(Beginning of RECORDS FOR THE TASK)

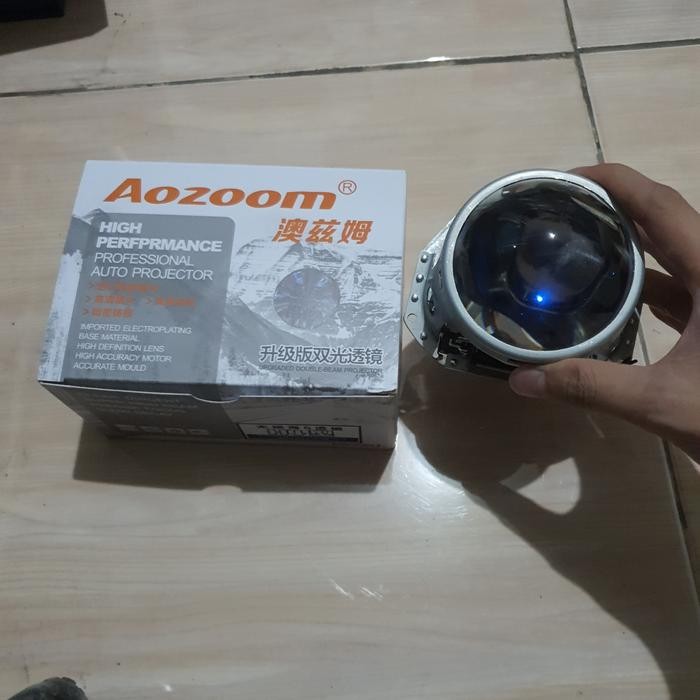 โปรเจคเตอร์ aozoom แบนตัดเลนส์สีน้ําเงิน 3 นิ้ว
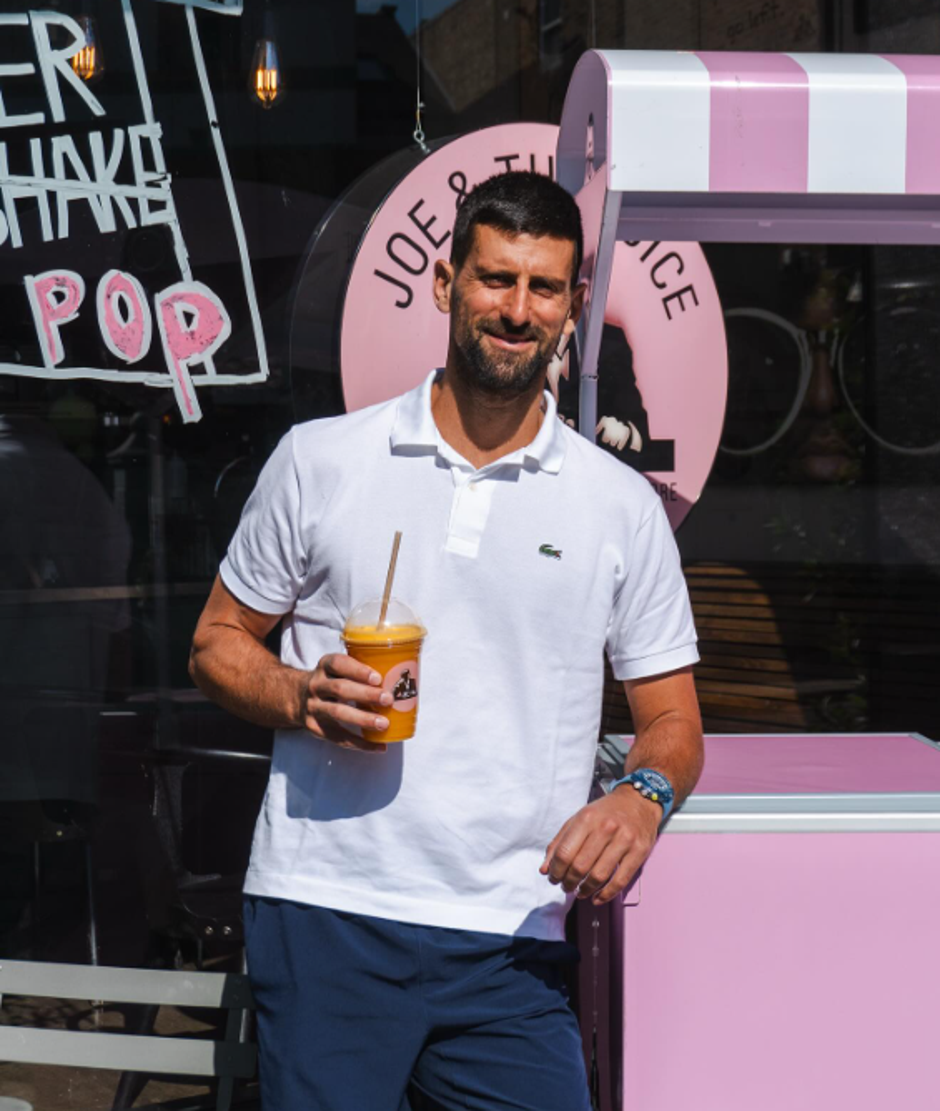 novak đoković, joe and the juice | Author: Instagram @joeandthejuice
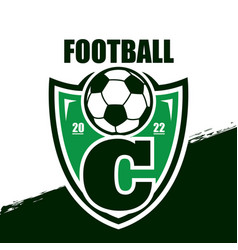 Letter C Soccer Team Logo Design Template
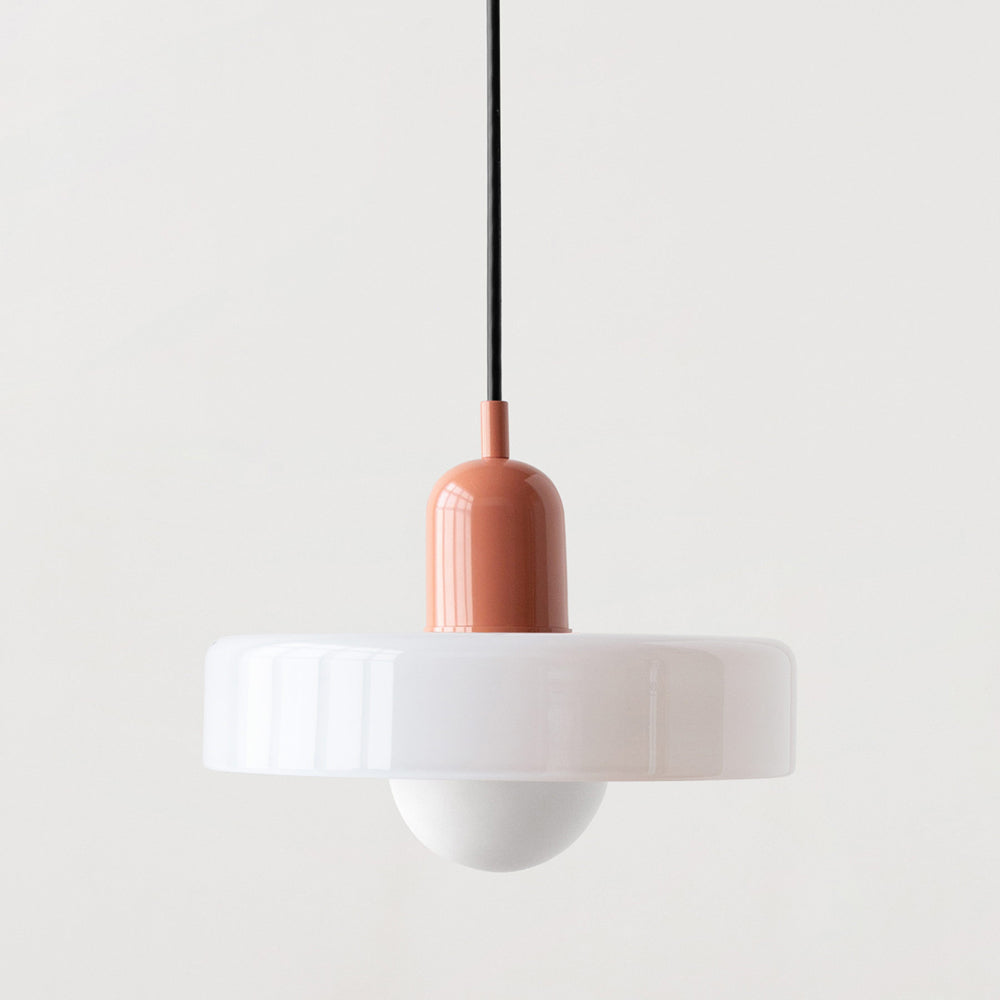 Two-Tone Pendant Light in Coastal Transitional Design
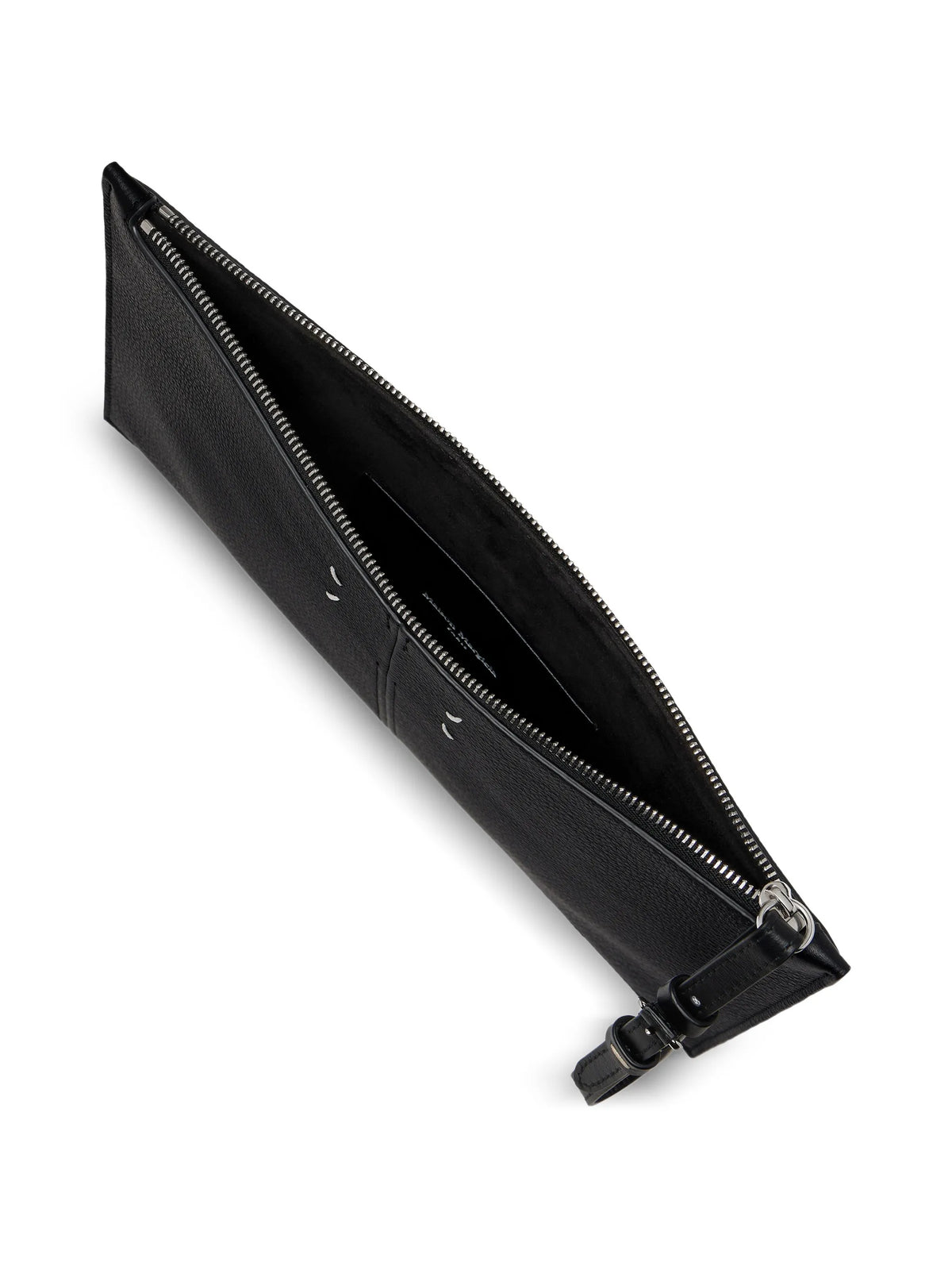 Maison Margiela bolsa de mano con hebilla - Negro - imagen 4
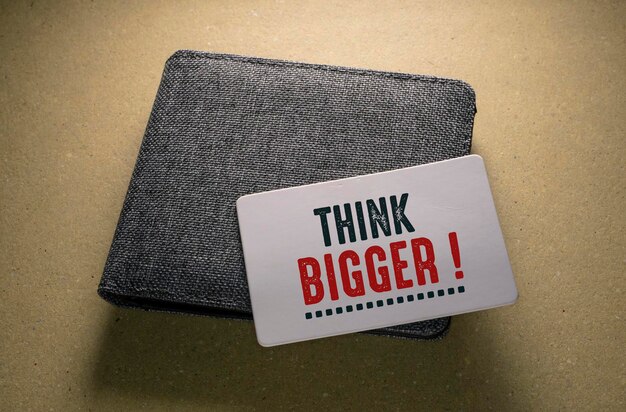 Parole con Think Big Business Concept idea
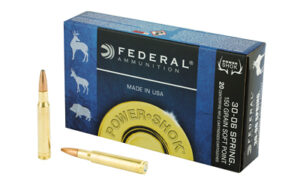 Federal PowerShok, 30-06, 150 Grain, Soft Point, 20 Round Box 3006A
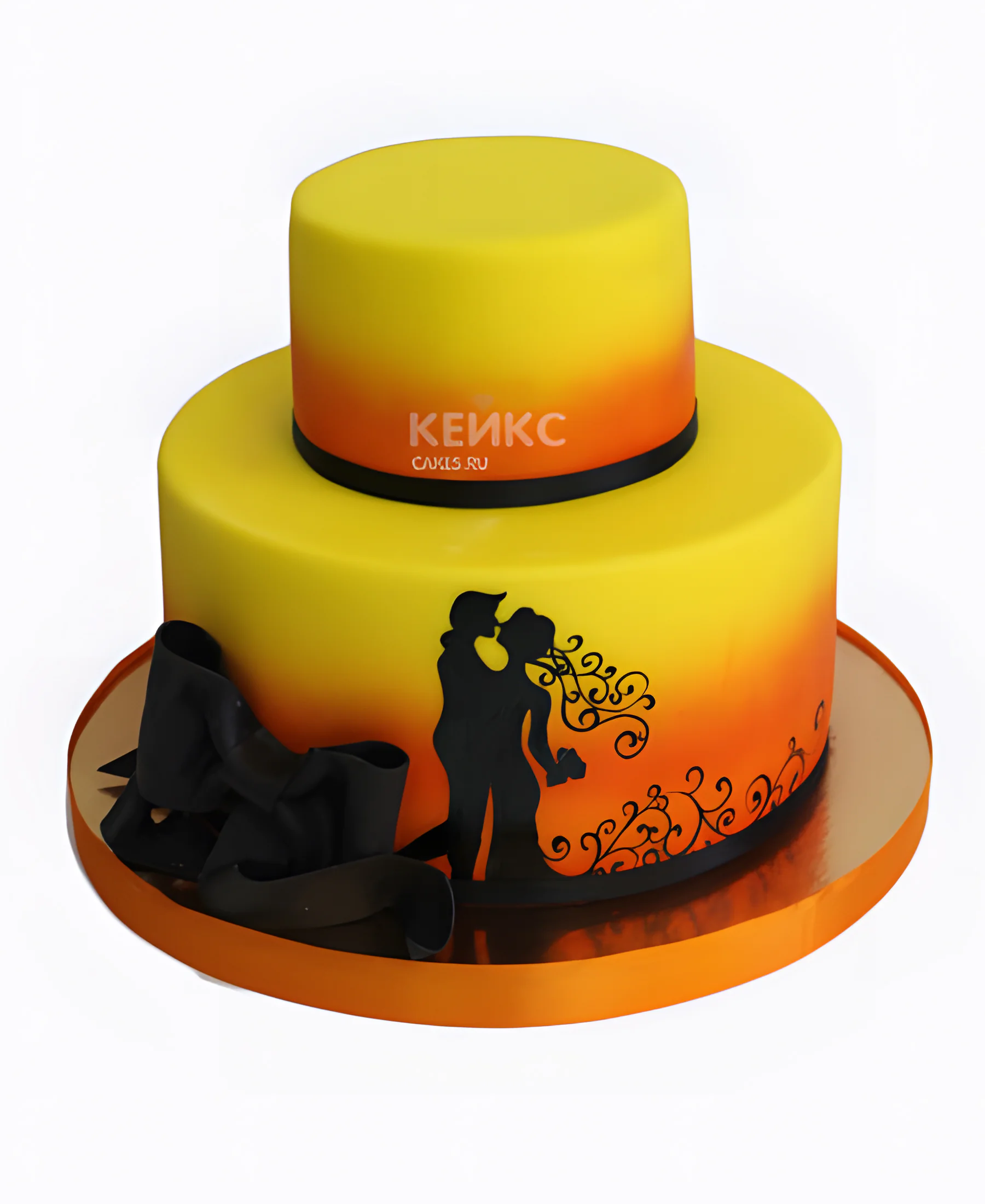 Торт свадебный оригинальный Фото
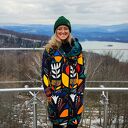 AFRICAN BATIC długa bluza oversize z wzorzystej tkaniny S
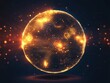© Dariya - Glowing Mesh Sphere on Dark Background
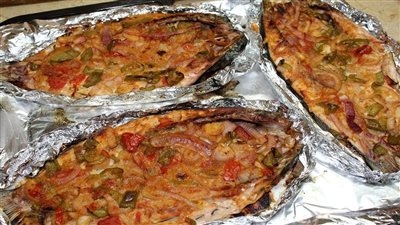 طريقة عمل السمك البوري السنجاري، أكلة مميزة يوم الجمعة 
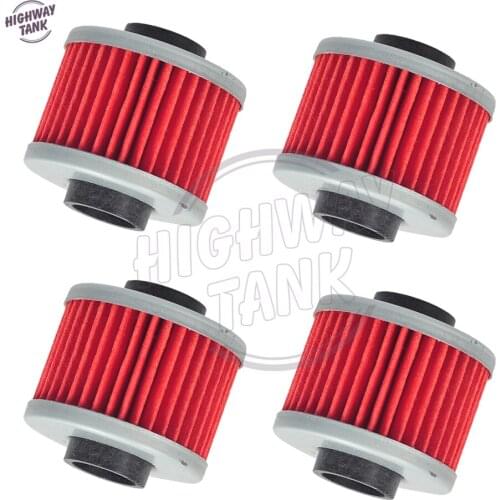4 Pcs Motorcycle Engine Oil Filter case for Aprilia Leonardo Scarabeo For BMW 125 200 C1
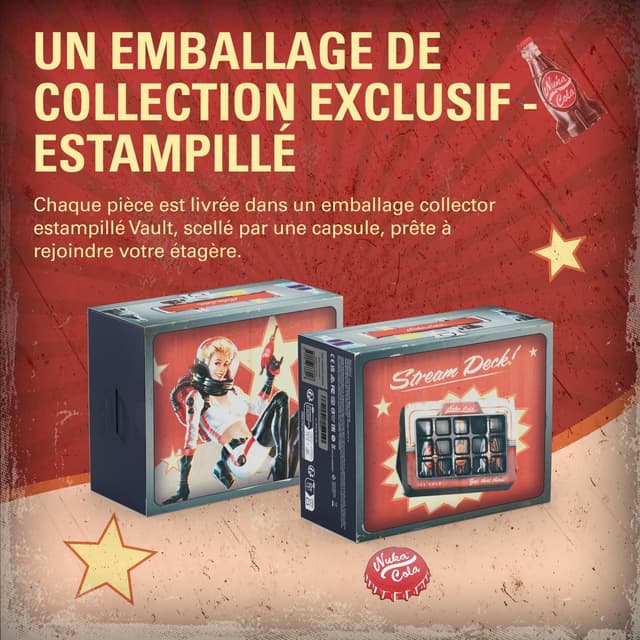 Detalle de Elgato Nuka-Cola Stream Deck Fallout SE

(End of RECORDS FOR THE TASK)

• **EXERCISE GOAL**
Exact repetition of all entries is required. The pictures should not appear.

• **TASK RESPONSE**
 โปรเจคเตอร์ aozoom แบนตัดเลนส์สีน้ําเงิน 3 นิ้ว
 novak đoković, joe and the juice | Author: Instagram @joeandthejuice
 Letter C Soccer Team Logo Design Template
 Two-Tone Pendant Light in Coastal Transitional Design
 Maison Margiela bolsa de mano con hebilla - Negro - imagen 4
 Parole con Think Big Business Concept idea
 Federal PowerShok, 30-06, 150 Grain, Soft Point, 20 Round Box 3006A
 Торт свадебный оригинальный Фото
 AFRICAN BATIC długa bluza oversize z wzorzystej tkaniny S
© Dariya - Glowing Mesh Sphere on Dark Background
 طريقة عمل السمك البوري السنجاري، أكلة مميزة يوم الجمعة 
4 Pcs Motorcycle Engine Oil Filter case for Aprilia Leonardo Scarabeo For BMW 125 200 C1
 Detalle de Elgato Nuka-Cola Stream Deck Fallout SE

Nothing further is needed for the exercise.